I haven’t fired a gun since I was in Iraq. I swore I would never fire one ever again unless I really had to. The taste of killing’s still burned in my memory. Now the image of that sick man touching my son — my little boy — wounds me deeply. It rips me to shreds every day to think about it. I need to rest my mind once and for all.

I pull the gun out of it’s holster and hold it. It’s very elegant; a thing of beauty. I love the power if offers; the ability to change everything for the better. A man’s got to be ready to protect his family, so I always leave it loaded.  There’s plenty of extra bullets in the box nearby. I’m prepared for anything.

I pack the gun and the box of bullets in a paper sack and go to my truck. I pull out of the gravel driveway on to the dirt road and head to town. It’s a big day. This is the most important trip I can ever remember taking.

It really happened to my son.

It was real.

He’s a very emotional person. He takes after his mother that way. I’ve watched him turn into the kind of young man I don’t understand. I still love my boy and I want to understand him. We’re two very different people and it’s destroying our relationship. I try to wrap my head around my son and all of his dark thoughts and ideas. His dyed, black hair and the black clothes are bad enough. It’s the Satanic music and all his angry poetry that scare me the most. He claims he’s just being himself. I understand that teenagers rebel,  but I’m not going to watch this go from bad to worse.

He said to me last week, “Leave me alone, Dad. I just gotta do what I gotta do.”

I know now I was too soft on my boy. He used to have yellow colored hair and the face of an angel. I probably set him up to get touched by that monster. I allowed my son to be a victim and now he’s full of rage. I should’ve kept a better eye on him. I can’t let my son think that I don’t care.

This Sunday drive is what I decided I’ve got to do. I hope he understands some day.
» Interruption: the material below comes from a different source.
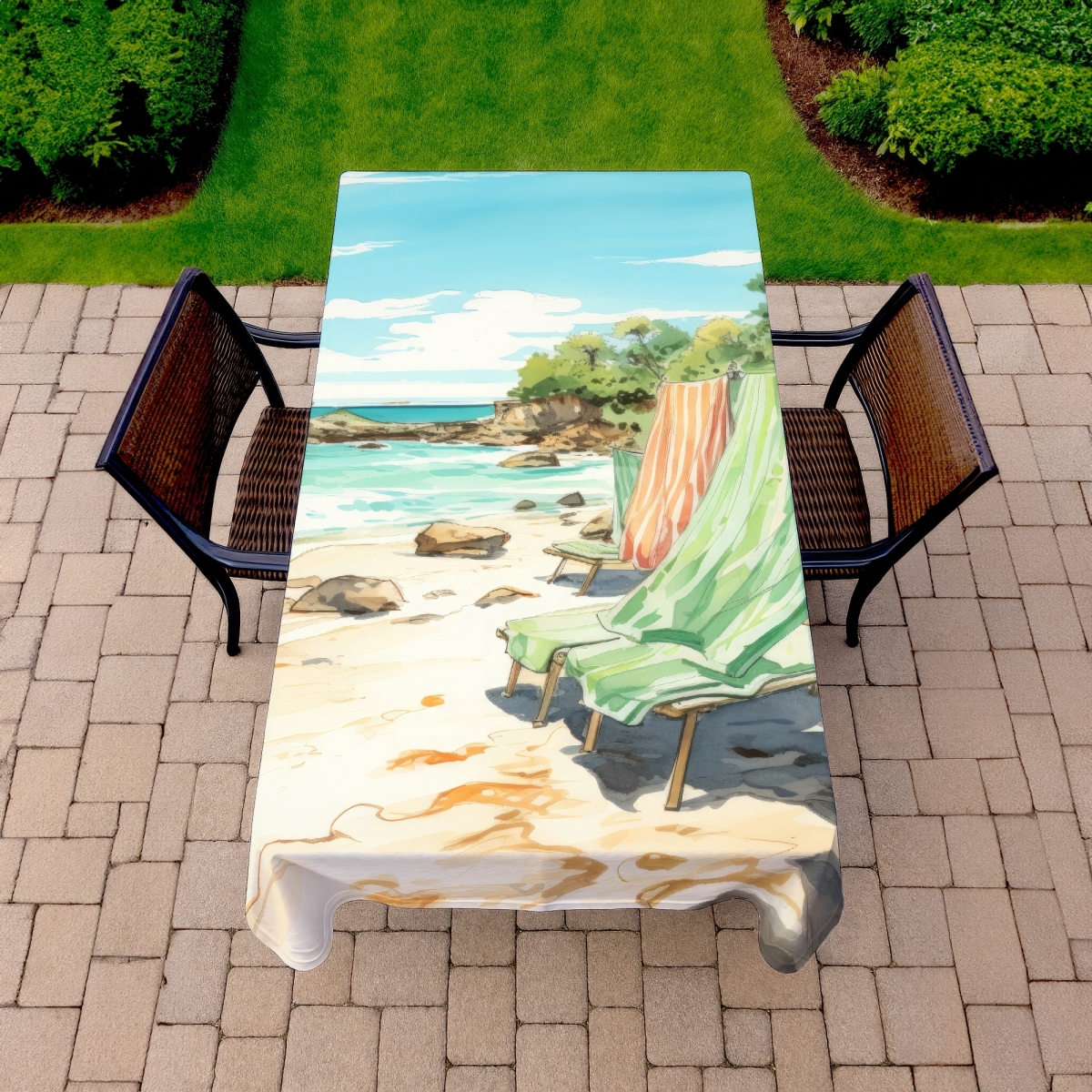Picture of MWW C1TCLRGEVXV6EJ 58 x 102 in. Beach Calm Green Indoor & Outdoor Tablecloth for Home Decor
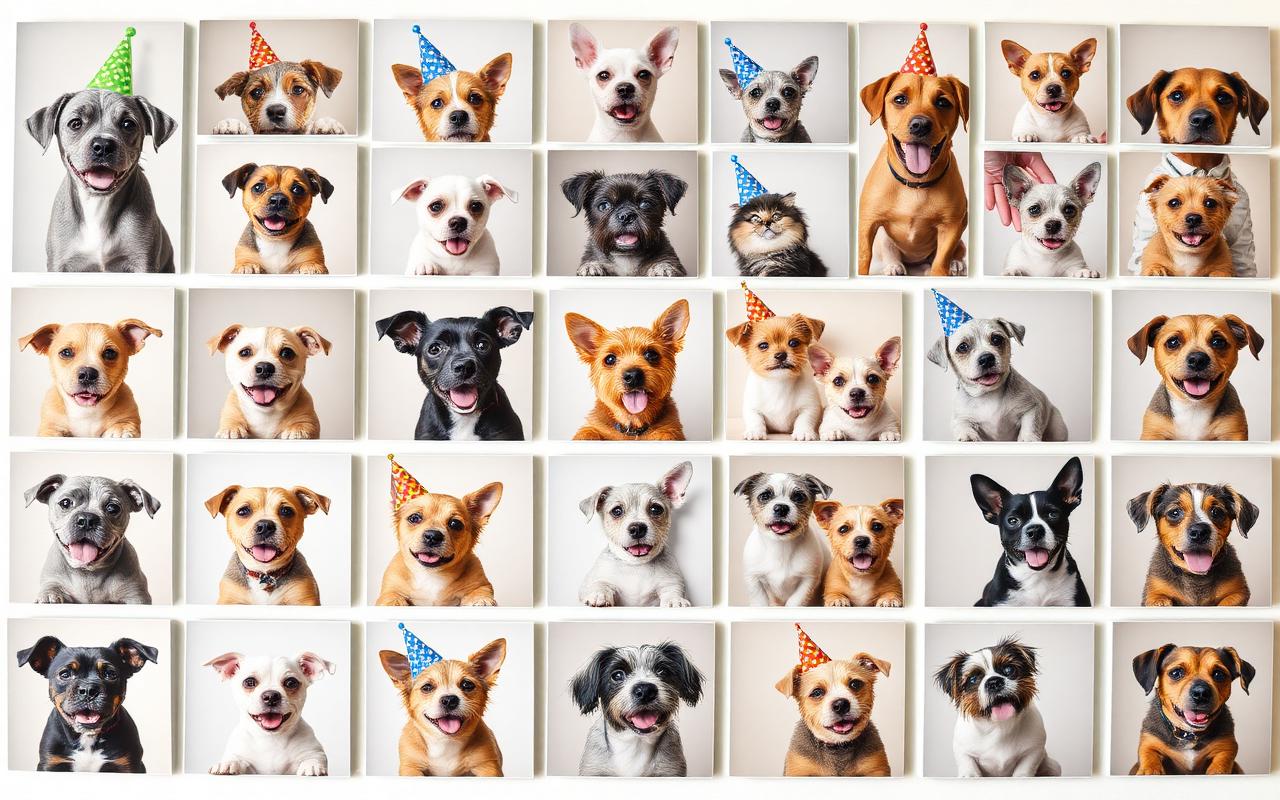 A collage of customer pets, plushies, portraits and birthday celebrations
The dusty roads are turning to pavement as I get into town. I keep checking the sack on the seat next to me. There’s a knot in my throat; the same sensation I had when I was a soldier in heavy combat.

My hands are sore. I’ve been gripping the steering wheel of my truck so hard that I feel like I’m about to tear it out of the dashboard. My son’s molester is still living in town in the same house after all these years. It makes me sick to think of all of the other little boys and girls he’s no doubt ruined since he took my son’s innocence. The monster doesn’t deserve to live.

Do the right thing.

Be a man. Do the right thing.

Fix the problem.

I pull my truck up to the building and get out with my sack of bullets and the gun. I slowly walk up the sidewalk to the porch steps of the old house on Cross Street that was converted into the town’s sheriff’s office.

“How can I help you?” the sheriff asks.

“My name is Bob Coates,” I say. “My boy was molested by Dave Drennen fifteen years ago. I want to file a report about it. I also need you to take this sack away from me before my son hurts himself or I go to Drennen’s house and kill that sonofabitch.”


Dennis Milam Bensie’s first book, Shorn: Toys to Men, was a pick in the international gay magazine The Advocate as “One of the Best Overlooked Books of 2011”. The author’s short stories have been published by Bay Laurel, Every Day Fiction, The Ink and Code, and This Zine Will Change Your Life, and his essays have been seen in The Huffington Post and The Good Men Project. One Gay American is his second book with Coffeetown Press, which was chosen as a finalist in the Next Generation Indie Book Awards.